What you return should be the entries, unchanged, without their pictures.

(Source material Opens)

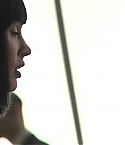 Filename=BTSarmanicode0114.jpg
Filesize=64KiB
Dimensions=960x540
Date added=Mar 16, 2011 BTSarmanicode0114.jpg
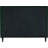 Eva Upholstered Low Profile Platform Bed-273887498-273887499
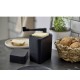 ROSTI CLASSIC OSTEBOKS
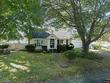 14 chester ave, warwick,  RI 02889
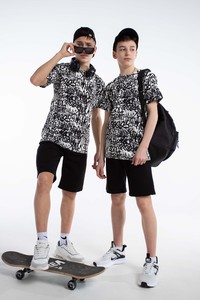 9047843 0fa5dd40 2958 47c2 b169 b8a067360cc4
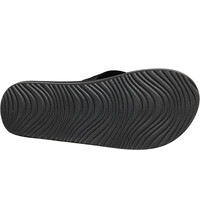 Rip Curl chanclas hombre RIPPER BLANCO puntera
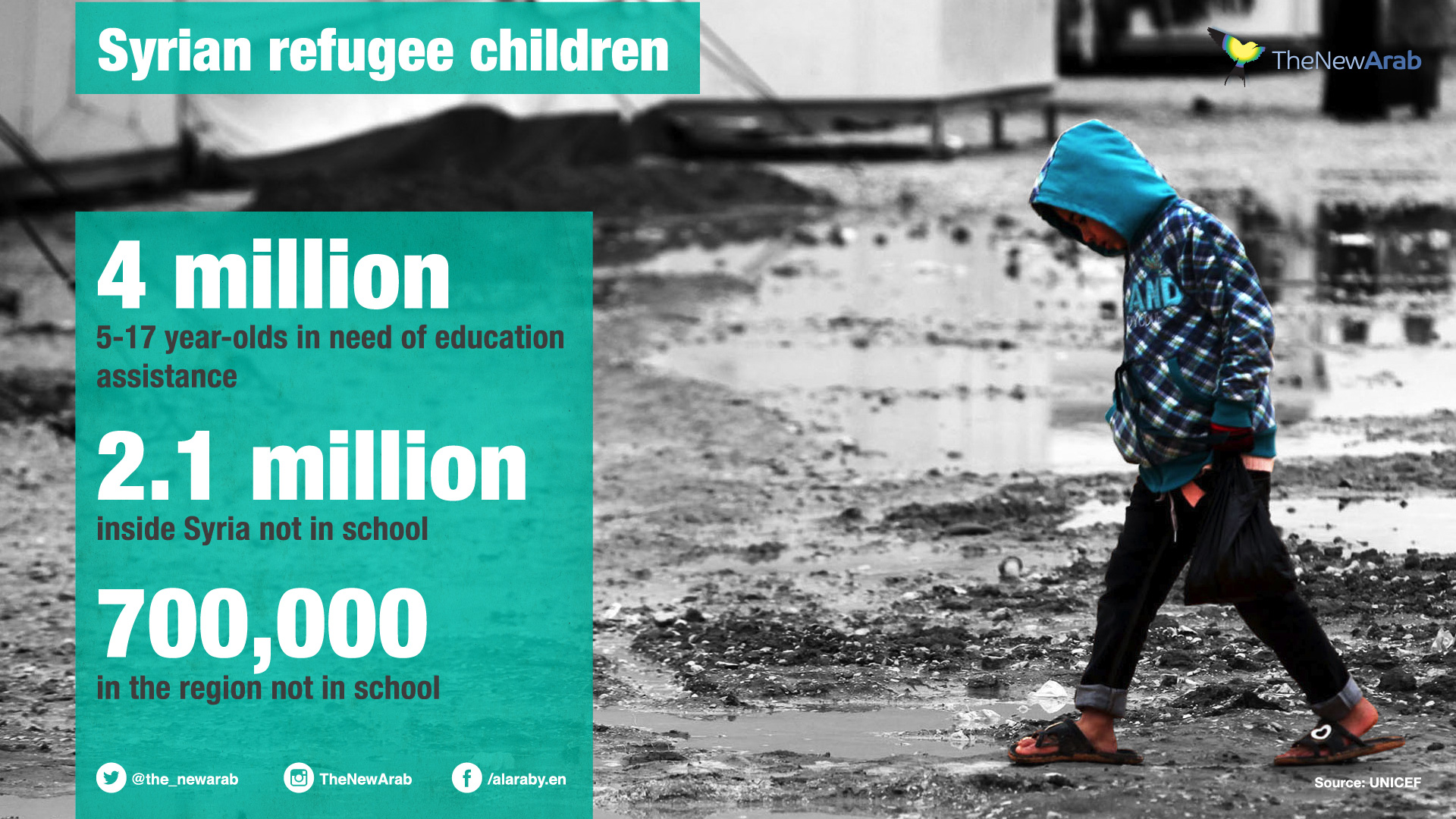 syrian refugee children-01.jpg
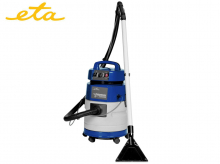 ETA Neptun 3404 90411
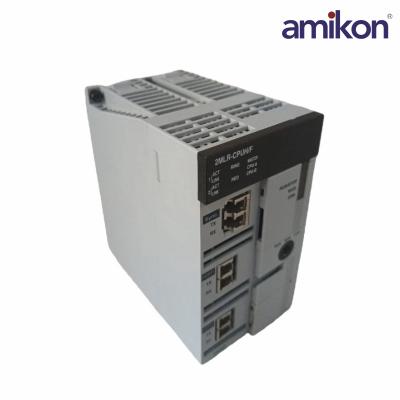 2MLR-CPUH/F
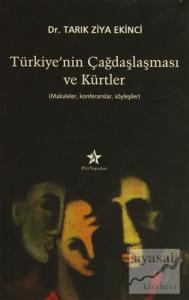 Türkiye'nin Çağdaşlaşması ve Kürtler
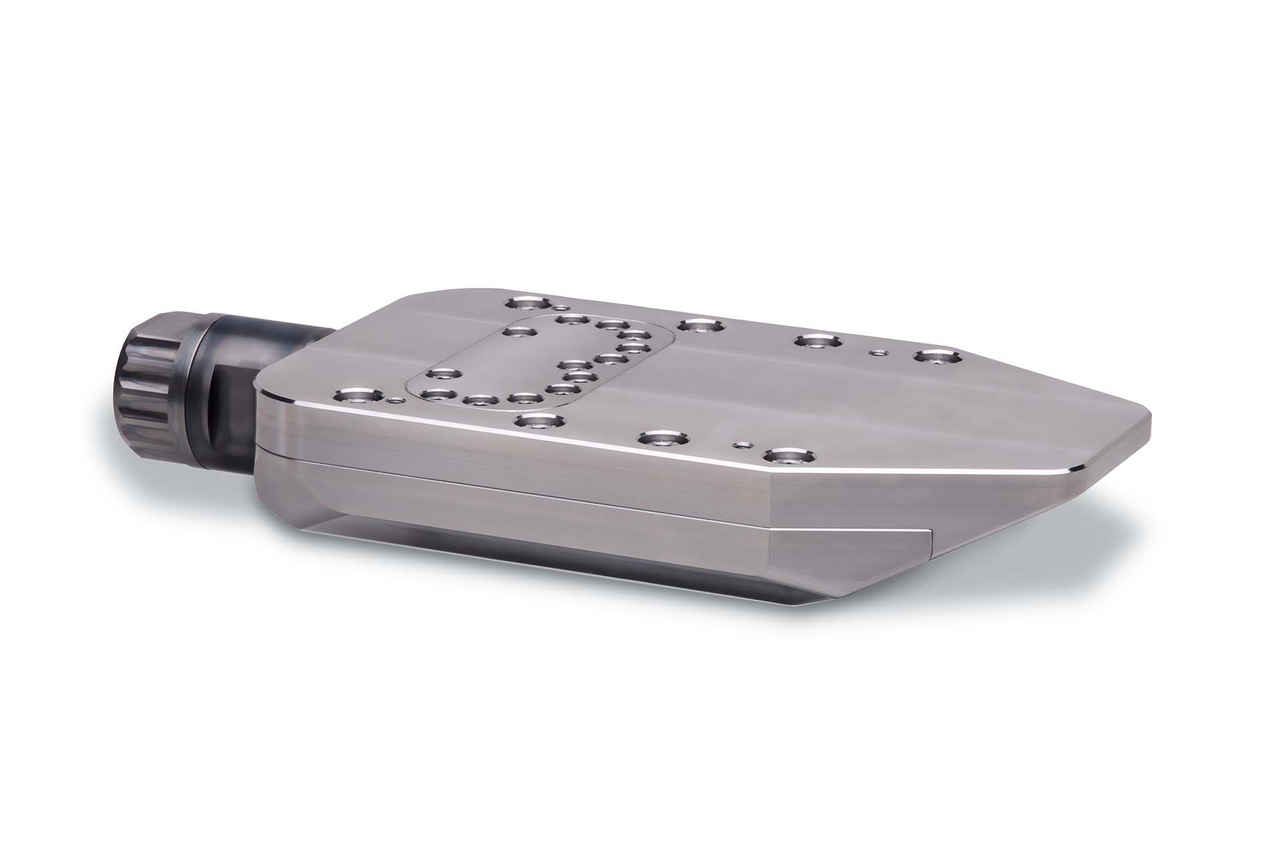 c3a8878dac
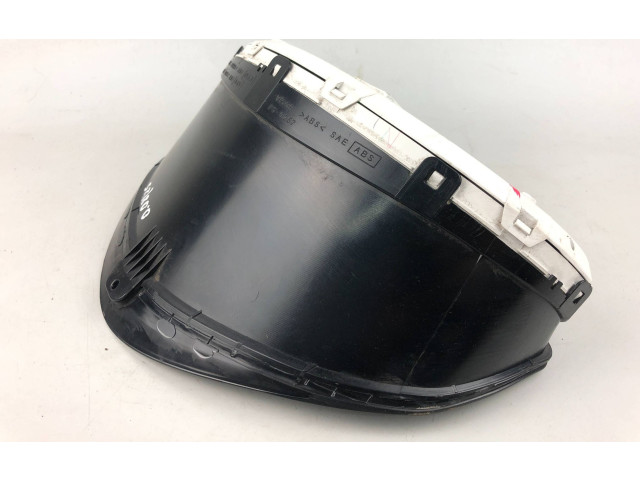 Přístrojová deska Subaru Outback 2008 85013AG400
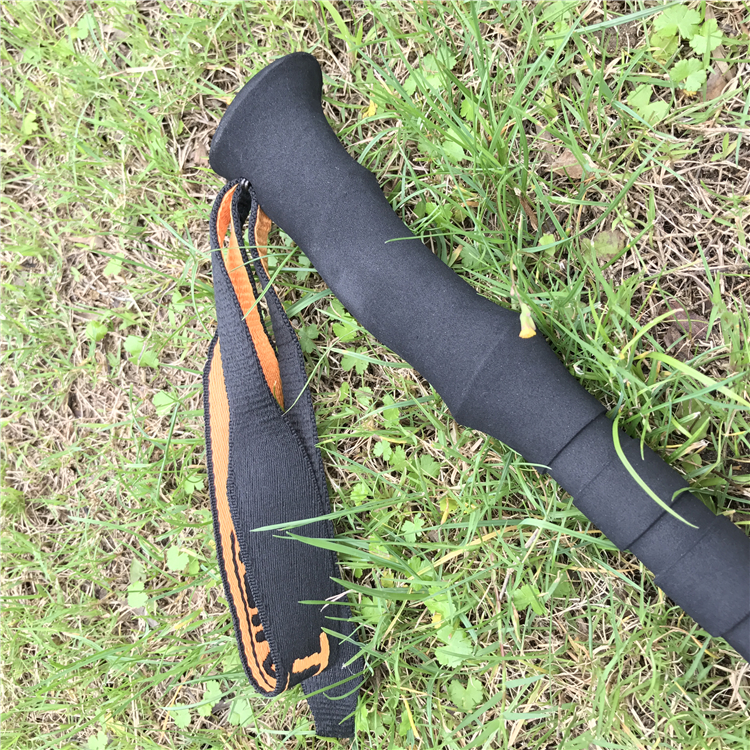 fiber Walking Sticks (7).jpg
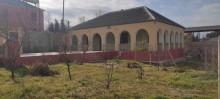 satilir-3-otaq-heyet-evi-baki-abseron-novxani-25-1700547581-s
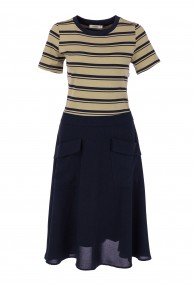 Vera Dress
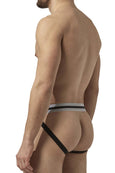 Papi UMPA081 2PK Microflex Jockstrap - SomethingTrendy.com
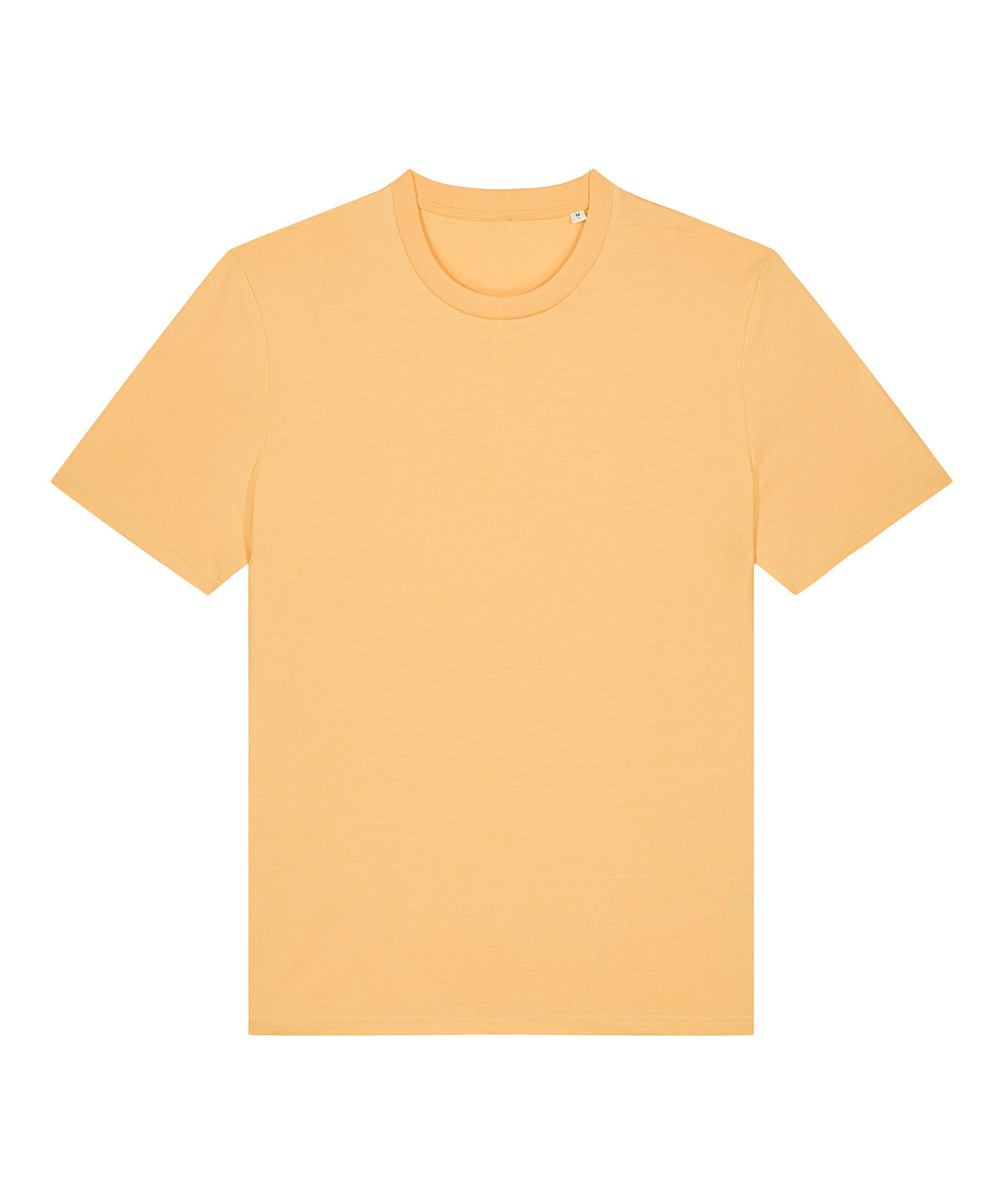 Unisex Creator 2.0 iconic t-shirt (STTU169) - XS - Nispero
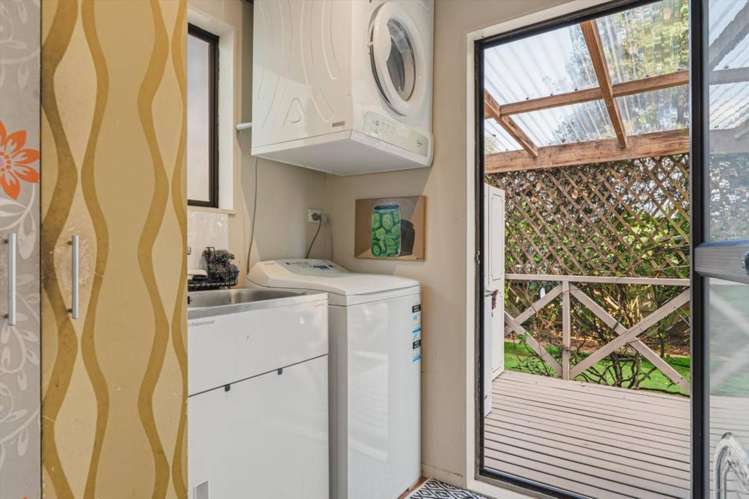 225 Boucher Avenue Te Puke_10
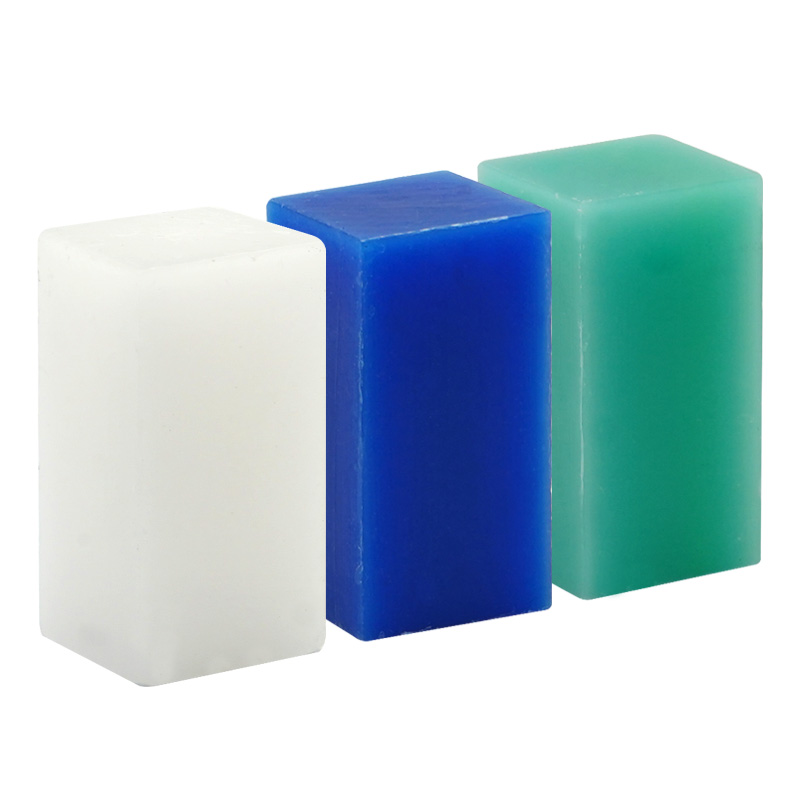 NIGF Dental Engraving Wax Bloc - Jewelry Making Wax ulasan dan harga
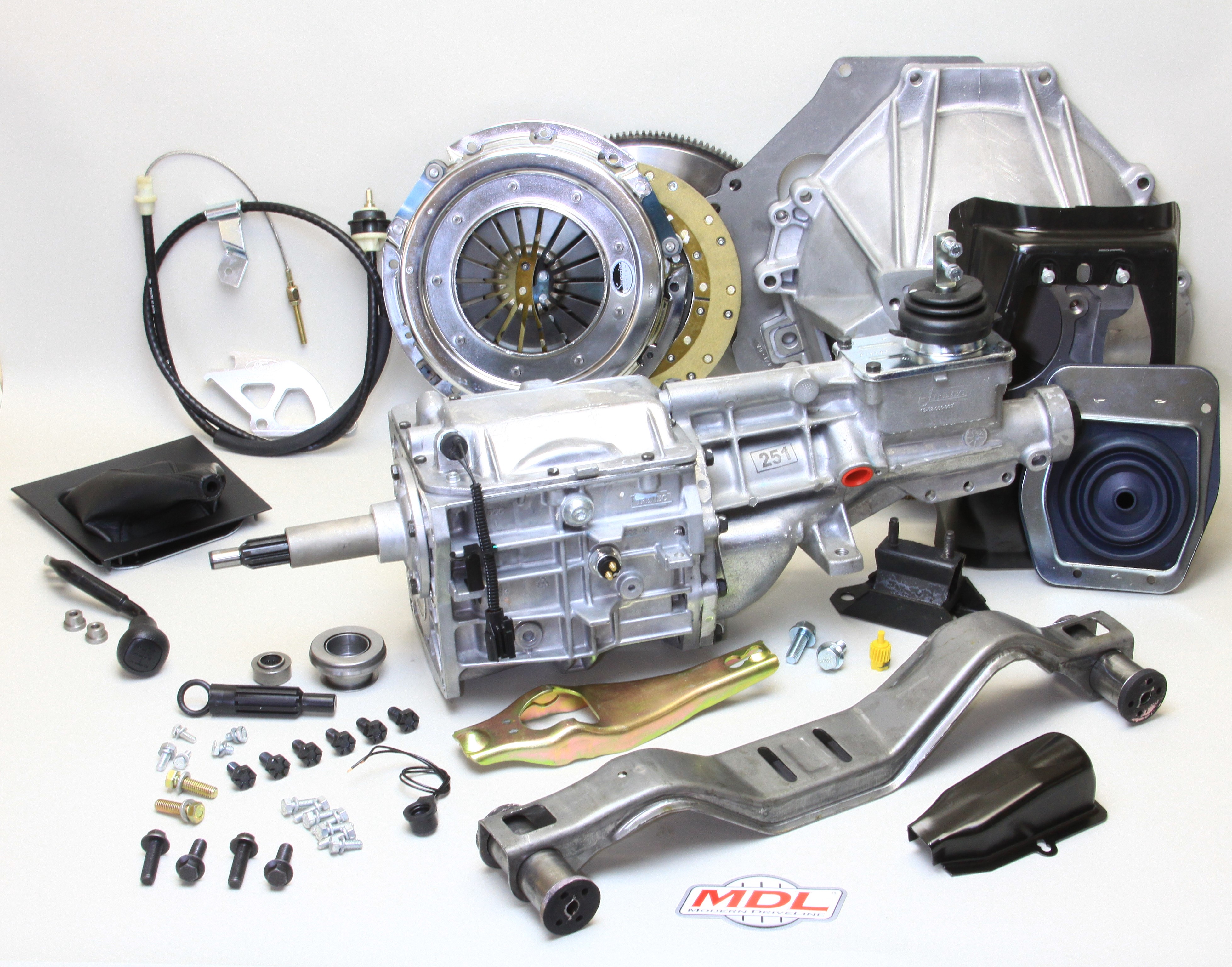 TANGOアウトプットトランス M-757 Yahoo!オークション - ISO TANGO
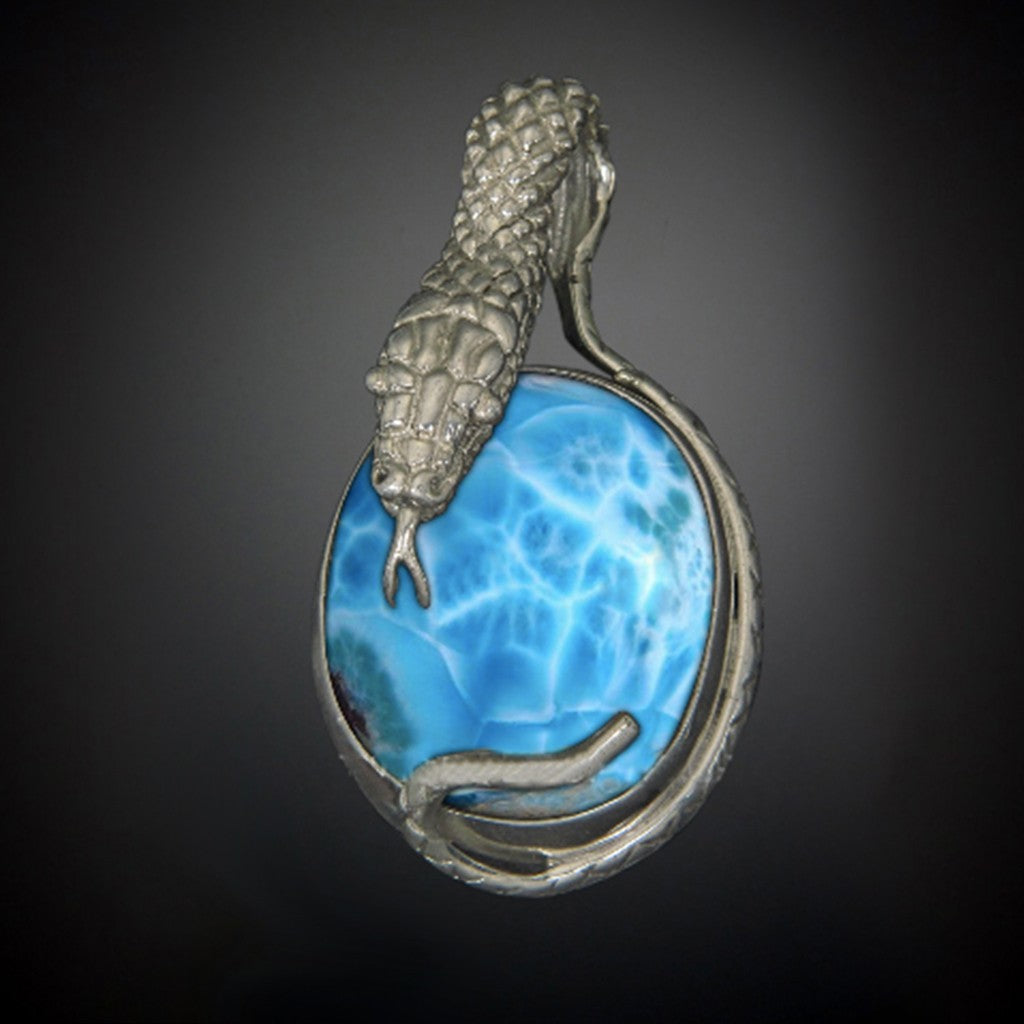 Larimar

(Source material Closes)

| Expected answer |
 Filename=BTSarmanicode0114.jpg
Filesize=64KiB
Dimensions=960x540
Date added=Mar 16, 2011 BTSarmanicode0114.jpg
 Eva Upholstered Low Profile Platform Bed-273887498-273887499
 ROSTI CLASSIC OSTEBOKS
 14 chester ave, warwick,  RI 02889
 9047843 0fa5dd40 2958 47c2 b169 b8a067360cc4
 Rip Curl chanclas hombre RIPPER BLANCO puntera
 syrian refugee children-01.jpg
 ETA Neptun 3404 90411
 2MLR-CPUH/F
 Türkiye'nin Çağdaşlaşması ve Kürtler
 c3a8878dac
 Přístrojová deska Subaru Outback 2008 85013AG400
 fiber Walking Sticks (7).jpg
 satilir-3-otaq-heyet-evi-baki-abseron-novxani-25-1700547581-s
 Vera Dress
 Papi UMPA081 2PK Microflex Jockstrap - SomethingTrendy.com
 Unisex Creator 2.0 iconic t-shirt (STTU169) - XS - Nispero
 225 Boucher Avenue Te Puke_10
 NIGF Dental Engraving Wax Bloc - Jewelry Making Wax ulasan dan harga
 TANGOアウトプットトランス M-757 Yahoo!オークション - ISO TANGO
 Larimar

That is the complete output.